◆ **Exercise description**
Exactly as they appear below, repeat the lines from the one with "( - BIOUG88541-E05)" through the one with "AIF1 (9A3) antibody", and no others.

◆ **Data provided**
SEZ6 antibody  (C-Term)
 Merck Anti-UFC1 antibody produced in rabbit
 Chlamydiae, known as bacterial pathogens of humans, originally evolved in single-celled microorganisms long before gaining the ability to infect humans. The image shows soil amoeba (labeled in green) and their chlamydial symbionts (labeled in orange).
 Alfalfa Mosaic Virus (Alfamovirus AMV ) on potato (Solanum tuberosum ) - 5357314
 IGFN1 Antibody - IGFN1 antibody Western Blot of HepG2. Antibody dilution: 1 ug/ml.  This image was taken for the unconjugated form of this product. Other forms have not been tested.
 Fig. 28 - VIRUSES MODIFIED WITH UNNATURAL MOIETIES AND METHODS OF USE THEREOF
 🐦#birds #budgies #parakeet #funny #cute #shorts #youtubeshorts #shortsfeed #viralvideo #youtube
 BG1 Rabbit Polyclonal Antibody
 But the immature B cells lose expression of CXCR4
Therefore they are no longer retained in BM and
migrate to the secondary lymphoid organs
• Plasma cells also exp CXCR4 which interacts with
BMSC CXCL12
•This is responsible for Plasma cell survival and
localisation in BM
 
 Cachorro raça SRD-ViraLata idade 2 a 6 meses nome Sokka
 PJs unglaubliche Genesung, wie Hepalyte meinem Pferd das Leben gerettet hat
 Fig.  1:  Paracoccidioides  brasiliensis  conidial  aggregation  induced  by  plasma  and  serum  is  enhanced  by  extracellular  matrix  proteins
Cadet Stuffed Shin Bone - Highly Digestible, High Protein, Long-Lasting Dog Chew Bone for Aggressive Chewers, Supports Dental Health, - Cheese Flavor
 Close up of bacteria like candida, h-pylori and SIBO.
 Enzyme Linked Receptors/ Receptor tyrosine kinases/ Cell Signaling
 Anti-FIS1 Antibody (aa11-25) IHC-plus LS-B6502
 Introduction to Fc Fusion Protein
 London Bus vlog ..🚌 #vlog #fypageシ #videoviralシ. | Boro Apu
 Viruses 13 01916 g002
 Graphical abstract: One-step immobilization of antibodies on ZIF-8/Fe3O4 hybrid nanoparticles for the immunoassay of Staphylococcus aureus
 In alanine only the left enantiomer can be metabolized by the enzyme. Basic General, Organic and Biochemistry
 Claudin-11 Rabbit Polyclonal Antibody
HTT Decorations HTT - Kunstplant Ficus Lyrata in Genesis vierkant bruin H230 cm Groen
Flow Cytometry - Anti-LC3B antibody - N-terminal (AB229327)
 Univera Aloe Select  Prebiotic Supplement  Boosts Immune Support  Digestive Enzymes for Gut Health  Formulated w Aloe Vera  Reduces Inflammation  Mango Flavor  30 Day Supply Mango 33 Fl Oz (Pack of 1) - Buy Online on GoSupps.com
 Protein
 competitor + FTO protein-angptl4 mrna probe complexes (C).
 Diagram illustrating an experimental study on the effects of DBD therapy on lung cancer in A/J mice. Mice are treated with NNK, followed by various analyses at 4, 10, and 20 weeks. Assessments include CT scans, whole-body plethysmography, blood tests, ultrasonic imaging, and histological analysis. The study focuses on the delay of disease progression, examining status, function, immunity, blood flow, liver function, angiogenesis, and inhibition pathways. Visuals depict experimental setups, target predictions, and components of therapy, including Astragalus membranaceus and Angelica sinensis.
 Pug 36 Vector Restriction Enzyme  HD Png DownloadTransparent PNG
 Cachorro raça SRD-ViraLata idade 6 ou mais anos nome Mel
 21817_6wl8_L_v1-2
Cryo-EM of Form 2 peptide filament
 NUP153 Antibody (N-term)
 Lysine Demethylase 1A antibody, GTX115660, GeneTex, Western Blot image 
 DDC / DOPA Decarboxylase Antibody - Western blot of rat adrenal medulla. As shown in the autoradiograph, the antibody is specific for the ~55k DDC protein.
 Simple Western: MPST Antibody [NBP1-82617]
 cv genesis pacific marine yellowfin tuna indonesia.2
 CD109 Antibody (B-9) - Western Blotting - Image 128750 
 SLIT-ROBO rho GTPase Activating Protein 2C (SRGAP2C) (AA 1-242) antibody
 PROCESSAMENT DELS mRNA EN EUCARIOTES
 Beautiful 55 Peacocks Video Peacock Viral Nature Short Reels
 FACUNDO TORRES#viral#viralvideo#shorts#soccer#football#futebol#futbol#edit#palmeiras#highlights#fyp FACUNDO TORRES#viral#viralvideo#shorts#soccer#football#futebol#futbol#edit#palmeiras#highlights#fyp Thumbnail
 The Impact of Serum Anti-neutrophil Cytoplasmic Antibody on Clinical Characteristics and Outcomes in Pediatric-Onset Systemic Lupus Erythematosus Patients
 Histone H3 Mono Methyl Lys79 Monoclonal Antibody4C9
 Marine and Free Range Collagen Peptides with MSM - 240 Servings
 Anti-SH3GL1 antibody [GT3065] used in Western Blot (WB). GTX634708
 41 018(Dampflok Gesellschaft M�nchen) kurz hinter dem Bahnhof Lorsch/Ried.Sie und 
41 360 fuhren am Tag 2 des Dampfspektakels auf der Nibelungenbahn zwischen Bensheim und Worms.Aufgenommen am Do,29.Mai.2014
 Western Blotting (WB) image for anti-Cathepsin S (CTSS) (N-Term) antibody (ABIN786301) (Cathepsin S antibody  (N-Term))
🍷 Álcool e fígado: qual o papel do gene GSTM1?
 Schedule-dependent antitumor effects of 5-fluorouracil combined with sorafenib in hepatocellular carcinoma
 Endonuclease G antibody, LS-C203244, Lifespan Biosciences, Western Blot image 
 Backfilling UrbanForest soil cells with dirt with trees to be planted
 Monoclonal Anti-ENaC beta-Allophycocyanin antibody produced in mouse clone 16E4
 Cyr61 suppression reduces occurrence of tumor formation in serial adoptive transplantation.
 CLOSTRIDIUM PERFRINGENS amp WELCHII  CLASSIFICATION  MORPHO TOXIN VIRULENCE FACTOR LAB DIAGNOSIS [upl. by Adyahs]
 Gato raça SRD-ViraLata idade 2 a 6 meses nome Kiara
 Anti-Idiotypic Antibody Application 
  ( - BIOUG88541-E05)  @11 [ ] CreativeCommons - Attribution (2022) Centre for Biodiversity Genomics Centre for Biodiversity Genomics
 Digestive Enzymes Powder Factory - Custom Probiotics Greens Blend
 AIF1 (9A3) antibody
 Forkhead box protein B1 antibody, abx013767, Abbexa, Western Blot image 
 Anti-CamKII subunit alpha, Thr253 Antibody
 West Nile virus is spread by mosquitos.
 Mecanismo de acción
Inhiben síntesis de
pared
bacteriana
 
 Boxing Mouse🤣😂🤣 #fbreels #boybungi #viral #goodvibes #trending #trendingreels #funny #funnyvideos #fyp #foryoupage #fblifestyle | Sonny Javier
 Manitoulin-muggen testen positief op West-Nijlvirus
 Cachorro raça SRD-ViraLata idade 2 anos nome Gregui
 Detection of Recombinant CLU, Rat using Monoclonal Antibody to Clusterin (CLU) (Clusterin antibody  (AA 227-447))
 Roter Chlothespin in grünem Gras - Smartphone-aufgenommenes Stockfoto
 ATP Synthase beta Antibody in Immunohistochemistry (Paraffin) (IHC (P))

◆ **Response below**
  ( - BIOUG88541-E05)  @11 [ ] CreativeCommons - Attribution (2022) Centre for Biodiversity Genomics Centre for Biodiversity Genomics
 Digestive Enzymes Powder Factory - Custom Probiotics Greens Blend
 AIF1 (9A3) antibody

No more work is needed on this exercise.